Abstract:Objective: Medical relations are the core components of medical knowledge graphs that are needed for healthcare artificial intelligence. However, the requirement of expert annotation by conventional algorithm development processes creates a major bottleneck for mining new relations. In this paper, we present Hi-RES, a framework for high-throughput relation extraction algorithm development. We also show that combining knowledge articles with electronic health records (EHRs) significantly increases the classification accuracy. Methods: We use relation triplets obtained from structured databases and semistructured webpages to label sentences from target corpora as positive training samples. Two methods are also provided for creating improved negative samples by combining positive samples with na\"ive negative samples. We propose a common model that summarizes sentence information using large-scale pretrained language models and multi-instance attention, which then joins with the concept embeddings trained from the EHRs for relation prediction.

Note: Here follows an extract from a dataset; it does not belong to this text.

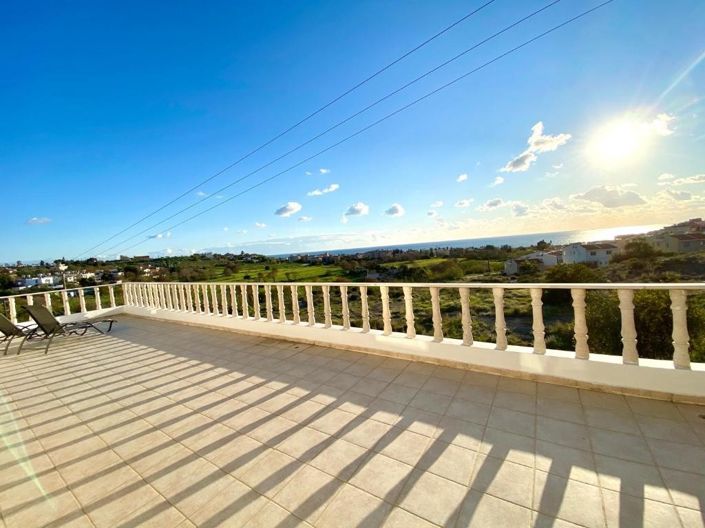 Image No.10-5 Bed Villa for sale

Results: We apply the Hi-RES framework to develop classification algorithms for disorder-disorder relations and disorder-location relations. Millions of sentences are created as training data. Using pretrained language models and EHR-based embeddings individually provides considerable accuracy increases over those of previous models. Joining them together further tremendously increases the accuracy to 0.947 and 0.998 for the two sets of relations, respectively, which are 10-17 percentage points higher than those of previous models. Conclusion: Hi-RES is an efficient framework for achieving high-throughput and accurate relation extraction algorithm development.